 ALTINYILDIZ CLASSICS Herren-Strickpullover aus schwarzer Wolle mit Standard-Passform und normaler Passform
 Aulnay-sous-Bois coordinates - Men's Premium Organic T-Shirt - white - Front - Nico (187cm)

* * *

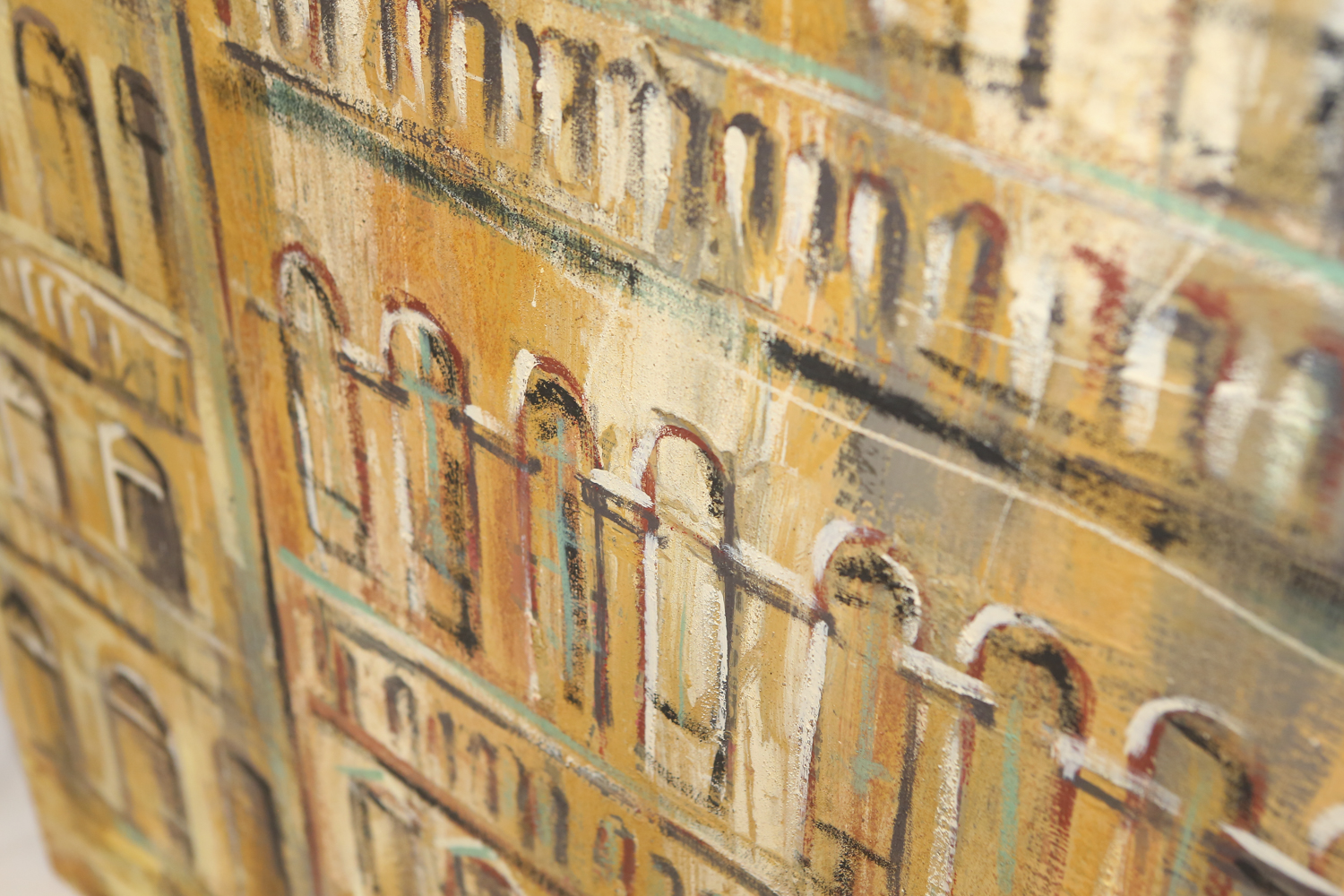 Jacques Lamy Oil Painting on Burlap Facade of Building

■ What to do: What you return must be the lines above that run from the line with "ALTINYILDIZ CLASSICS Herren-Strickpullover" to the line with "Aulnay-sous-Bois coordinates - Men's", inclusive, each copied exactly.

■ Exercise result:
 ALTINYILDIZ CLASSICS Herren-Strickpullover aus schwarzer Wolle mit Standard-Passform und normaler Passform
 Aulnay-sous-Bois coordinates - Men's Premium Organic T-Shirt - white - Front - Nico (187cm)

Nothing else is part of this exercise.